Would you copy the listing below exactly, keeping the pictures out?

- **Data provided**:
-----

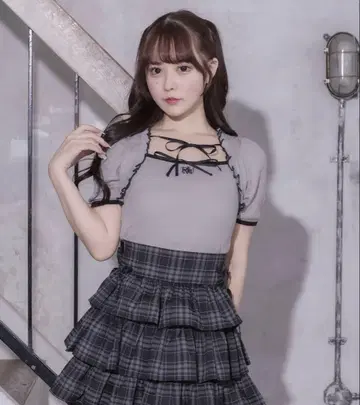 피움 pium 더블 리본 케이프 와플 티셔츠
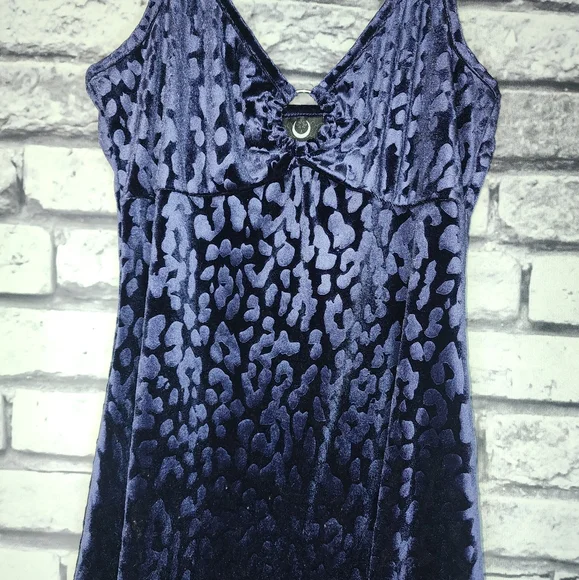 Killstar 'Cool Cat' Plum/Purple Velvet Leopard Print Dress -S - Picture 3 of 7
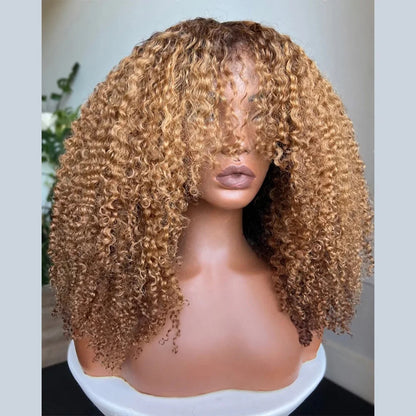 Perruque HD Invisible 7x5 Sans Colle — Blond Miel avec Frange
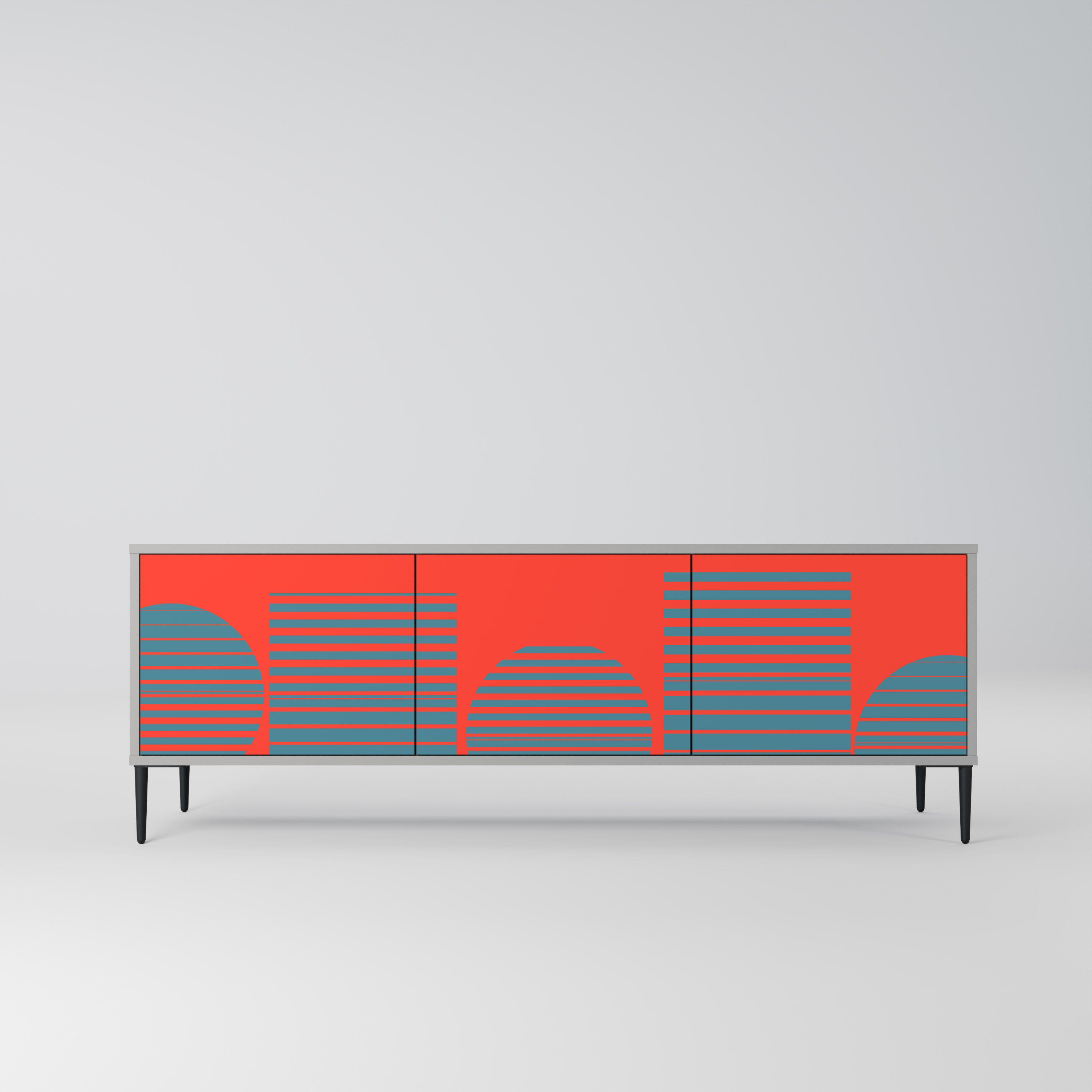 Meuble TV 3 portes RISING GEOMETRY STARS, finition grise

-----

- **Your response**:
 피움 pium 더블 리본 케이프 와플 티셔츠
 Killstar 'Cool Cat' Plum/Purple Velvet Leopard Print Dress -S - Picture 3 of 7
 Perruque HD Invisible 7x5 Sans Colle — Blond Miel avec Frange
 Meuble TV 3 portes RISING GEOMETRY STARS, finition grise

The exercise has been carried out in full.